The event itself is intense, but fun. I know people watching on TV go cold at the sight of MPs shouting, but it’s only when you visit parliament and see it in full cry that you appreciate the noise made as MPs attempt to make their point. What looks like aggressive shouting on TV is often a genuine attempt to simply be heard.
The first was my exchange with Harriet Harman over the Leveson Report. We don’t yet know what Lord Justice Leveson will say, but to me it’s blindingly obvious that if he recommends something workable and proportionate we must seek to implement it.
Of course whatever he says will provoke controversy. And there’s a difficult balance to strike to make sure that ordinary people are treated fairly by the media while our press remains free, raucous and independent. But I believe we can strike that balance and get agreement across the political parties.
We need to be able to look the parents of Milly Dowler in the eye, and other victims who have had their privacy trampled on, and assure them that in the future there will be a permanently independent system of recourse, sanction and accountability able to act when things go wrong.
Secondly I took the opportunity to once again remind people of our major achievement in cutting income tax for ordinary people. By April next year 24 million people will have received a £550 tax cut thanks to us – we must make sure everyone in Britain knows about this great Liberal Democrat policy.
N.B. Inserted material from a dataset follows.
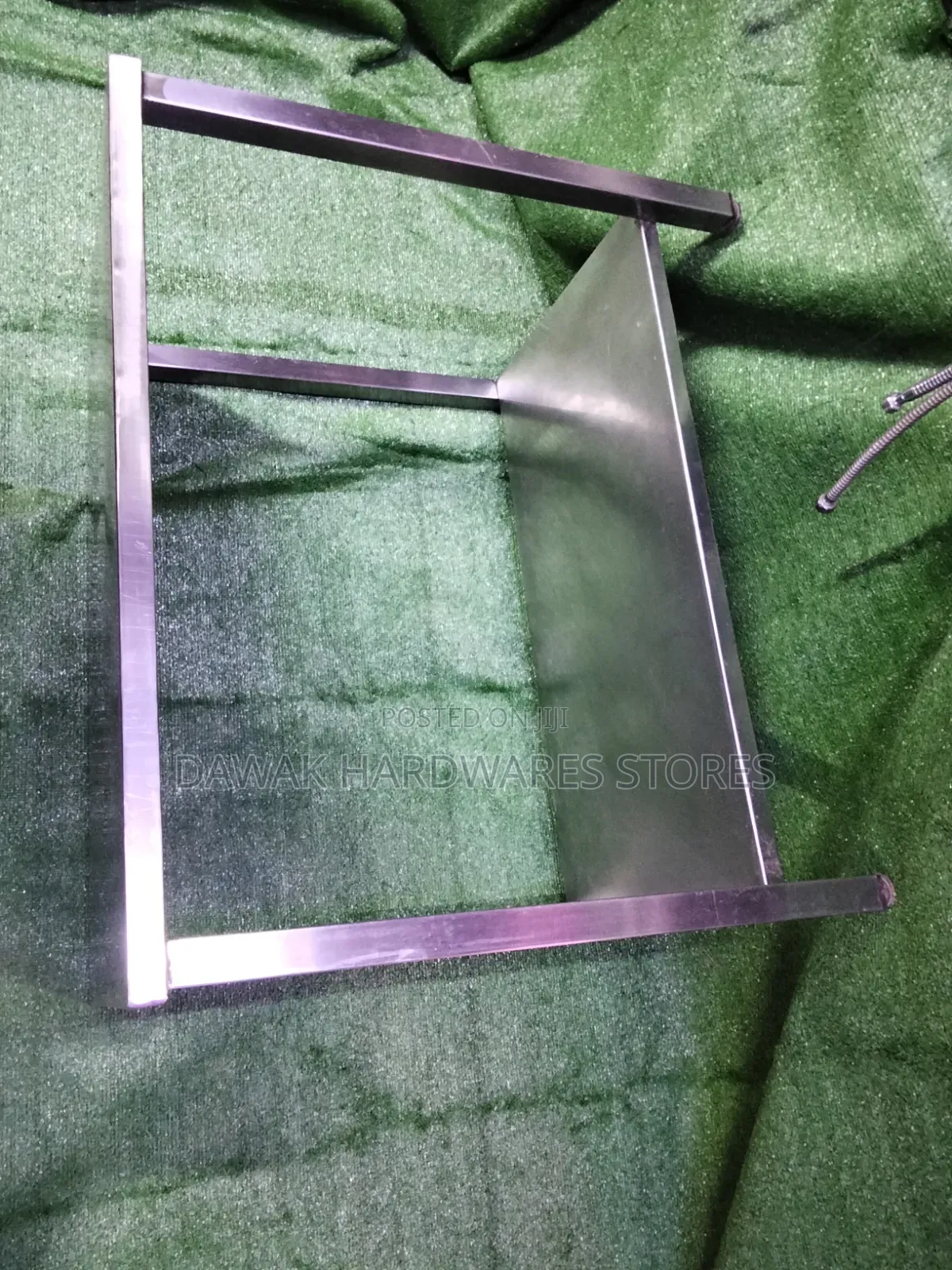 Commercial Table With a Lower Part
A number of you got in touch about last week’s email with many positive comments. Some had suggestions about childcare, others wrote about what they wanted me to cover in future messages. If there’s something you want me to talk about do get in touch here.
Last week, I suggested a few format improvements to make the letter more readable, and it’s good to see these being followed up. Running through my list:
1) Break up the text. DONE through the use of a photo and hyperlinks. (Though I still prefer sub-headings to signpost key points clearly.)
2) Links to stories and campaigns the party is running. DONE through a link to the party’s Fairer Tax campaign.
3) Some form of call to action. DONE (see above).
5) More encouragement for people to engage directly. DONE (ish) with a hyperlink to reply direct to the Leader’s letter. I still think can be more open, less conditional: ‘Please do get in touch’ rather than ‘If you want to’.